It is also paradoxical that as the aid regime gets stronger the range of choices available to recipient countries narrows. Recipient countries have very few choices about conditions to be met for qualifying for foreign aid, and the poorest states, where structural adjustment may be the least feasible due to the unreliability of administrative structures, are unable to compete for aid as they experience further deteriorations in their economic and social conditions. (42)

ALTERNATIVE MEANS & MECHANISMS

There are distinct alternative viewpoints concerning the basic nature, causes and remedial measures to reduce poverty. Serge Latouche, the eminent French development thinker, refers to psychosomatic compulsions of modern society that increasingly equate standards of life with purchasing power. The quality of market goods consumed has been assuming more importance than the conditions in which these goods are produced. (43) The adoption of this kind of production 'by all means necessary' is considered to perpetuate the growing gap between affluence and deprivation.

Amartya Sen, who was awarded a Nobel Prize for his work on poverty and entitlements for the poor, stresses the need for an integrated analysis of socio-economic and political processes. He considers poverty to be a failure of participation in society, an issue pointing to the lack of choice or opportunity to build potential human capabilities rather than remaining preoccupied with increasing incomes. Sen asserts the need for greater correlation between access to greater economic opportunities, political freedoms and provision of social facilities. Therefore, even societal institutions need to be assessed for their ability to enhance the freedom or capability of individuals. Such a process could allow poor people the chance to become active and empowered agents of change rather than passive recipients of dispensed benefits. (44)

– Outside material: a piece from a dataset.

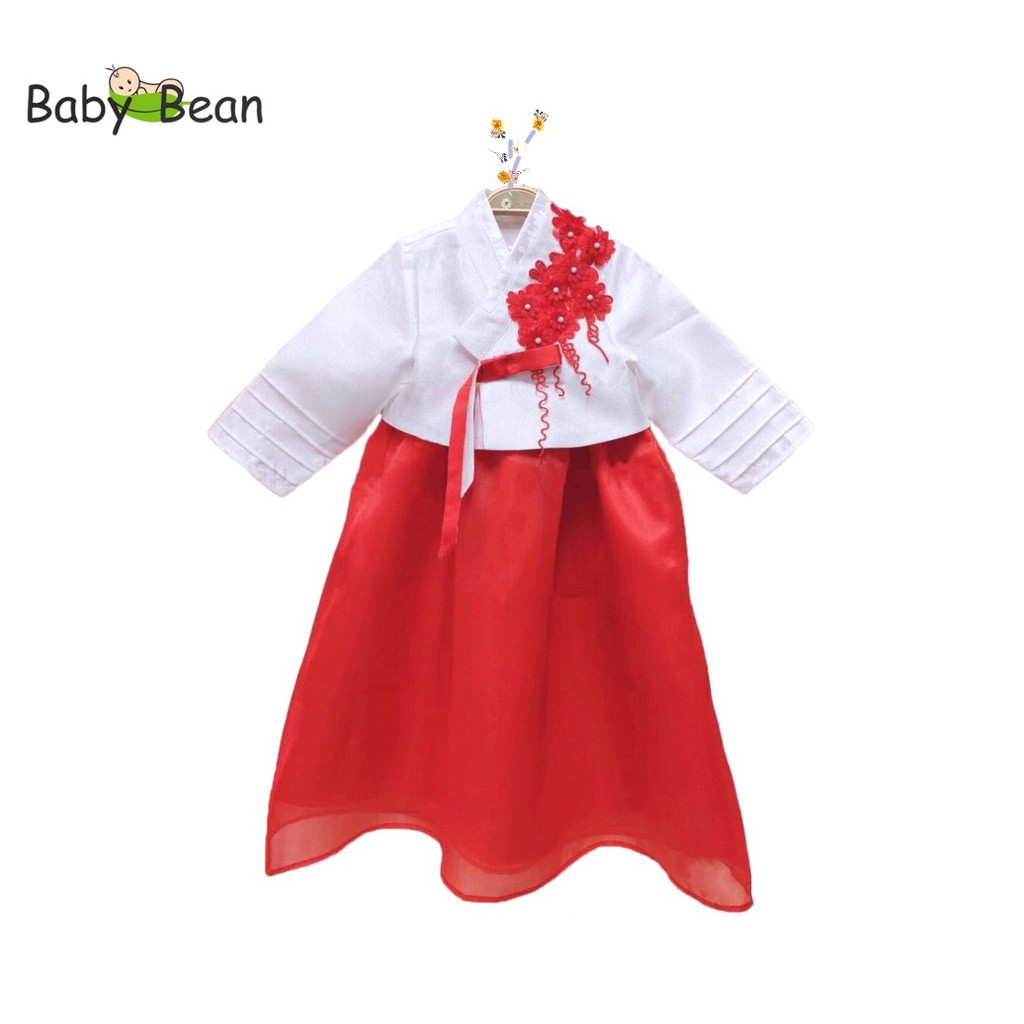 [MÃ THƯƠNG HIỆU UY TÍN Voucher giảm 10%] Đầm Handbok vải Tafta Thêu Hoa Phong Cách Hàn Quốc bé gái BabyBean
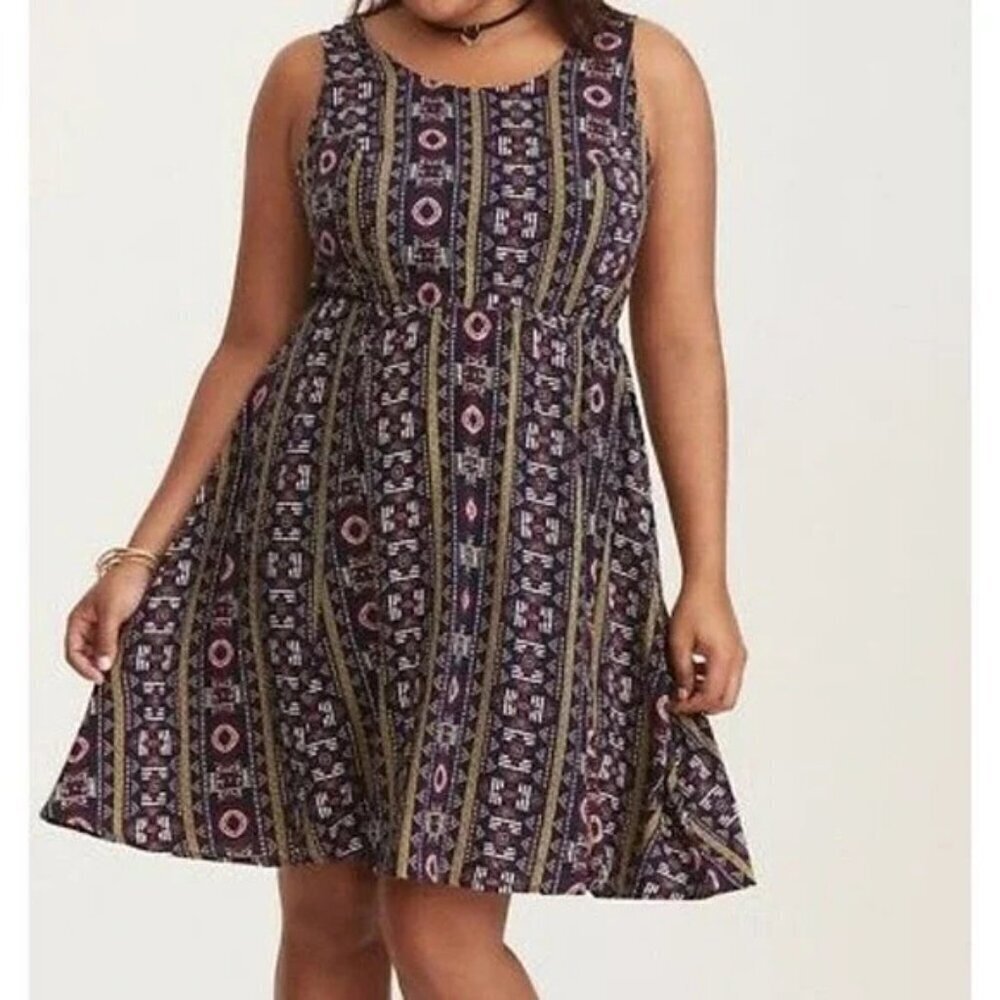 Torrid 2 Multicolor Geo Print challis Bow Back Tank Skater Dress Plus Size 2X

According to Sen, the challenge of poverty includes both the elimination of persistent and endemic deprivation, and the prevention of sudden and severe destitution. Sen argues that democracy and participatory politics have an important role to play in terms of 'ensuring security in the form of avoidance of disaster'. (45) He mentions two countries with current famine woes, Sudan and North Korea, which are both authoritarian. Sen is convinced that authoritarian regimes do not foster better economic growth despite their own claims and that in fact the success of a market economy is facilitated by a supportive economic environment, rather than by a harsh political climate. He argues that freedoms of association and participation, besides their intrinsic value, have a constructive role in poverty alleviation. Sen further articulates an ethical basis for economic policy making. Based on the notion of capability equality, Sen has identified practical prospects for international egalitarianism in a world order plagued by inequality. His work has influenced the work of the United Nations Development Programme and NGOs like Oxfam. Although World Bank professionals frequently refer to Sen's work, their approach towards 'capability equality' remains limited by the obsession with macroeconomic rather than redistributive imperatives of growth.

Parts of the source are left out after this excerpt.